Figure 12: Rename Excel Sheet

  1. You can hide unneeded columns. We will hide columns “country_code” and “source”. Right-Click on top of column J (1) –> Hide (2). Do the same for the column of “country_code”.

Figure 13: Hide Column J with header name “Source”

  1. Filtering data in Excel. Let’s filter the data that concerns the United Kingdom. First, one way to ensure that we don’t lose any data while filtering is to click on the upper-left corner of the Excel sheet so all data is selected, see Figure.

Figure 14: Select all data

Then, click “Sort & Filter” –> Filter.

Figure 15: Excel Filtering

Click on “Country” –> Select All (in order all countries to be deselected) –> Scroll down and click “United Kingdom” –> OK

Figure 16: Filtering specific country

The result should be something like the following Figure. Specifically, the data in columns F and I, weekly_count and cumulative_count respectively, should be exactly the same because they are historical data not meant to be altered, except in the case they were not properly calculated in the first place.

Figure 17: Result of filtering

Filtering Exercise:

  1. Cases and Deaths in France and UK for 3rd week of 2021
    • Add filter by country: France and UK,
    • Add another filter by year_week: choose “2021-03”
    • How many rows do they appear?
    • Which column shows the cases and deaths up until that week?

Do you have the same results with the following photo? (Normally you should because the historic data in a dataset are not meant to be changed)
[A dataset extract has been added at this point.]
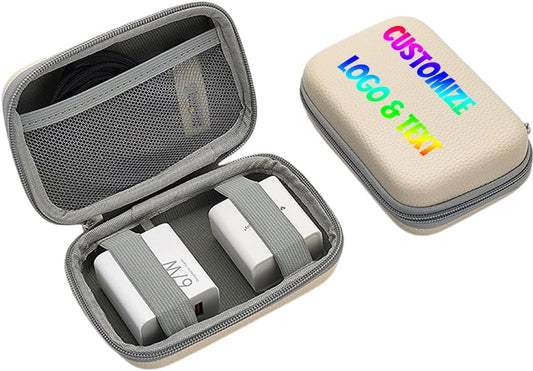 Custom Portable Protection Hard EVA Case – Personalized Logo/Text Travel Pouch for External Battery GPS, Hard Drive, USB Charging Cable – Universal Carrying Bag with Mesh Inner Pocket (Off-White)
Figure 18: Filtering data of France and UK for year 2021 and 3rd week

  1. Show deaths in European countries in descending order for the current week if you have the latest dataset, otherwise choose 3rd week of 2021.
    • You need 3 filters (by continent, by indicator and by year_week)
    • Select all data (click upper-left corner) –> “Sort & Filter” –> Custom Sort… –> Sort by “cumulative_count” and Order “Largest to Smallest” –> OK

Figure 19: Deaths in European countries from COVID-19 until 3rd week of 2021 in descending order

  1. In order to save the current changes, you have made and avoid in the future many of the steps to format the raw data from the initial dataset you downloaded, you should save your data as an “.xlsx” file.

Reflection

Dealing with open data and open datasets is not an easy thing to do. Digital skills over using spreadsheet software are useful to access and manipulate open datasets. The above activity is a small paradigm of how you can do that for a real-life problem. This activity could include more steps and be more exhaustive but such an activity is beyond the scopes of the course. It’ s main purpose is for the reader to start experimenting with open-data, stop feeling “absolute fear” about them and with some practice to manage to use some simple datasets for his educational purposes.

TOOLS DATA & RESOURCES NEEDED

  • Web Browser
  • Tableau Public
  • Microsoft Excel

TIME REQUIRED

  • 20 minutes for each Tableau/Excel depending on the experience in the use of the software.